Posted: 11 Rabi al-Thani 1436, 1 February 2015

The Women’s Mosque of America has started operations in Los Angeles. It is not a mosque per se, but the name of a non-profit organization. It began with holding female only Jumuah prayers, in an old synagogue with Stars of David etched on the stained glass windows. The decision to use this venue was made to “promote peace.”

Creating a separate space for Muslim women is a noble idea. Unfortunately the organizers chose the one event for this project for which it has no basis in the Shariah. Muslim women are not required to offer Jumuah. They are allowed but not required. (They can offer the Dhuhr prayer instead.) Further by consensus of scholars of all schools, Muslim women are not allowed to lead Jumuah prayers or deliver Jumuah Khutbahs. Not surprisingly the project met with disapproval from the great majority of local Muslim scholars who objected exactly on this ground. The women who prayed there were advised to still offer their Dhuhr prayer as the prayer obligation remained undischarged.[1]

But there is a larger issue that has not been discussed. One wonders what the officers of this corporation would think of establishing a women only school or women only college. Obviously if women need access to Islamic education in an exclusive space, then would not a daily regular school be far superior to a twenty minute sermon delivered once a month? Alas their future programs make no mention of such a plan. On the contrary other programs will be coed.

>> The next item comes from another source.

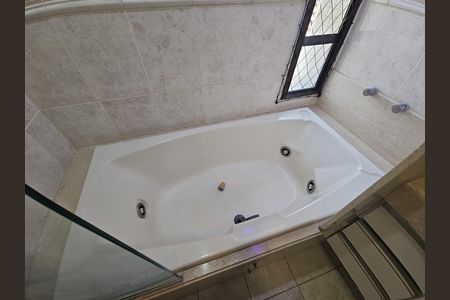 Apartamento para alugar com 188m², 4 quartos e 3 vagas Apartamento para alugar com 188m², 4 quartos e 3 vagasf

It is also interesting to see the media reaction. This was a media event and all the big names were there. And they were excited. From the Los Angeles Times to the Wall Street Journal, from ABC news to Fox News, everyone praised this as a historic event. It was considered a key development in empowerment of Muslim women. “Maybe we could get a female Luther out of this,” Los Angeles Times reported an excited congregant as saying.

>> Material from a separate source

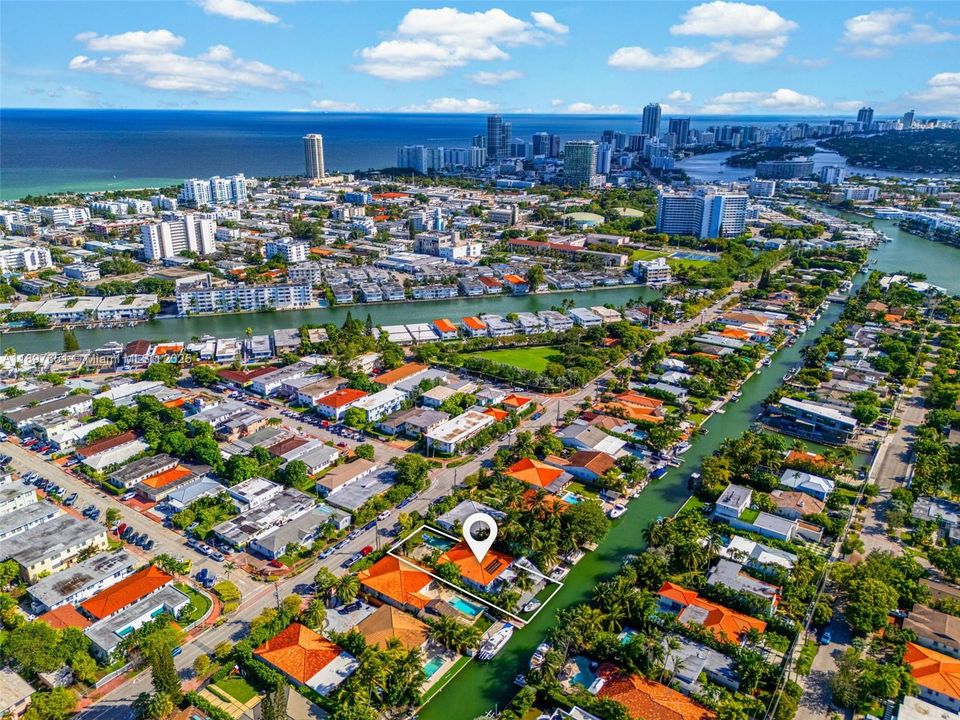 待售: $2,990,000 (4 贝兹, 3 浴室, 2496 平方英尺)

The question that we must ask is what the media reaction would be if the organizers had opened a women’s only college instead. Would that be considered a historic event that would open the doors to scholarship for Muslim women? Would that be praised by the same media as a space “where Muslim women can ‘bring their whole self,’ learn more about their faith and foster bonds of sisterhood?”

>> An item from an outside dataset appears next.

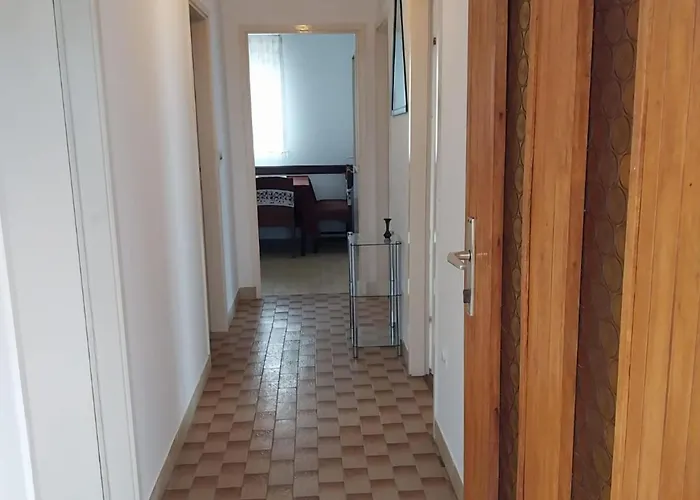 Дом отдыха Marina - Two Bedroom With Terrace Стариград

It is more likely that this would be ridiculed as a step backwards, as another sign of oppression of Muslim women.

Why? Why the same act is praiseworthy in one case and blameworthy in the other?  The answer may be that it is flouting the traditions and well established Islamic teachings in one case and complying with them in the other. The first act is therefore considered empowering and the other enslaving. The hypocrisy has a rationale!

It may be therefore empowering to deconstruct the notion of “women’s empowerment” itself.

The sad fact is that we are caught up in the discourse of empowerment. Everyone these days is for “women’s empowerment.” And it is taboo to question this dogma. But let us ask, where does this word come from? Does it come from the Islamic discourse or its textual sources? The Qur’an does not talk about “women’s empowerment.” Neither does Hadith. Neither does the Islamic literature produced by authorities and scholars of varied persuasions over the centuries. If in doubt please tell me what is the Arabic term for “empowerment” and where do you find it in the Islamic textual sources?

Let us face it: It is a foreign term. And like other foreign terms it has to be examined carefully before we start using it and submit to its dictates.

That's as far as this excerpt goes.